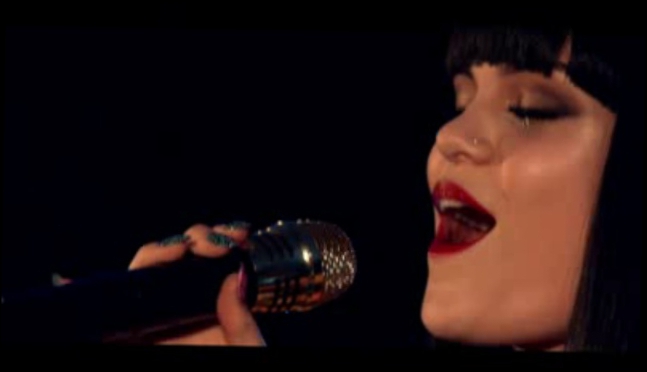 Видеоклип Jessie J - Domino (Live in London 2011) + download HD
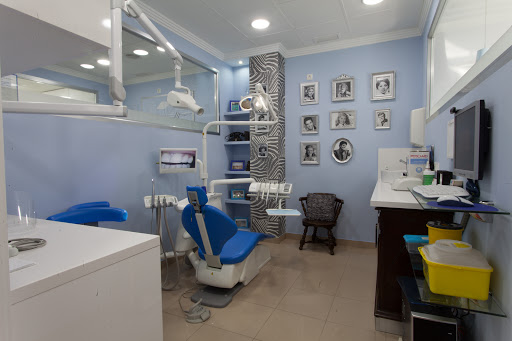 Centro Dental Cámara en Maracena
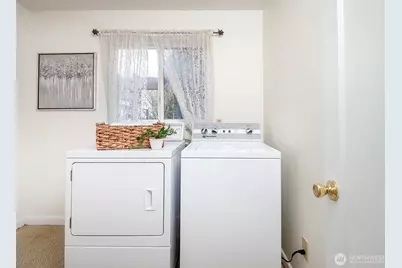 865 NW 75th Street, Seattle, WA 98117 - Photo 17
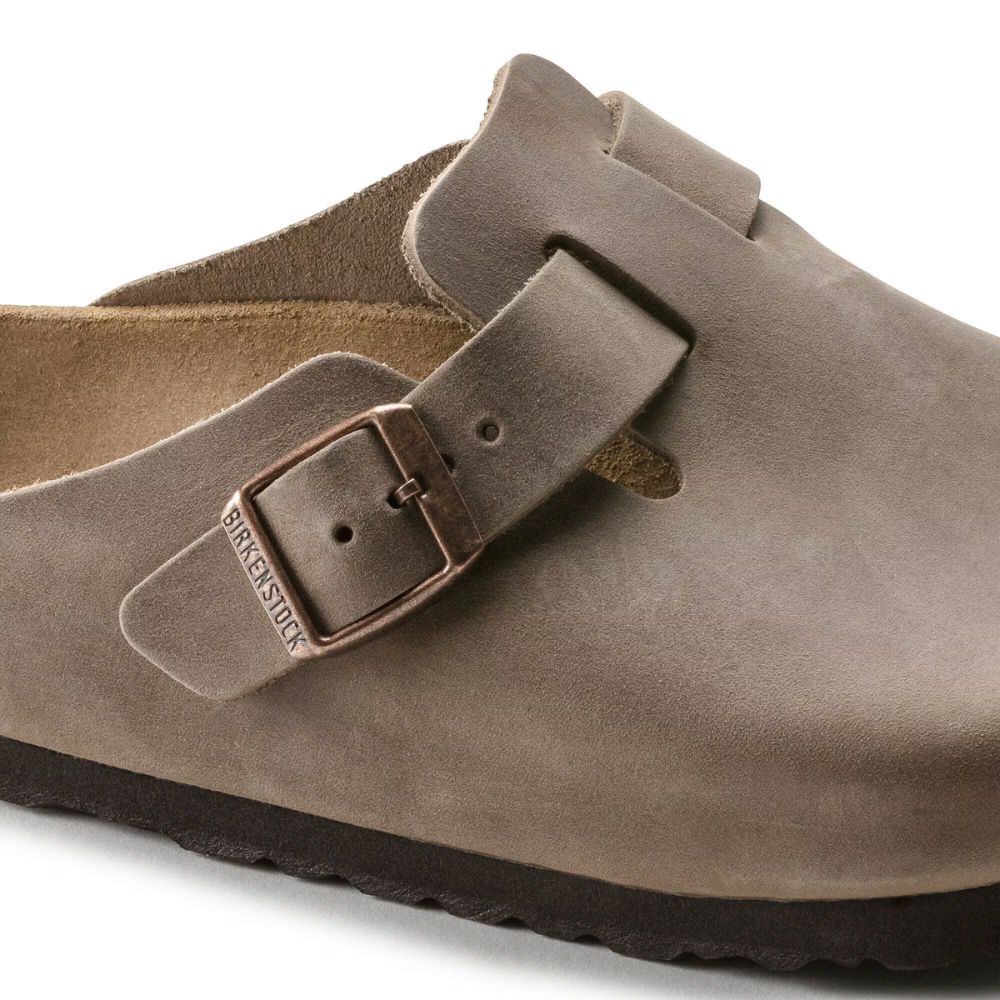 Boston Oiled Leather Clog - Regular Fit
_ _ _ _ _ _ _
## ABOUT THIS EXERCISE
Return each line of the data, keeping its wording exact and omitting pictures.

## FINISHED EXERCISE
 Видеоклип Jessie J - Domino (Live in London 2011) + download HD
 Centro Dental Cámara en Maracena
 865 NW 75th Street, Seattle, WA 98117 - Photo 17
 Boston Oiled Leather Clog - Regular Fit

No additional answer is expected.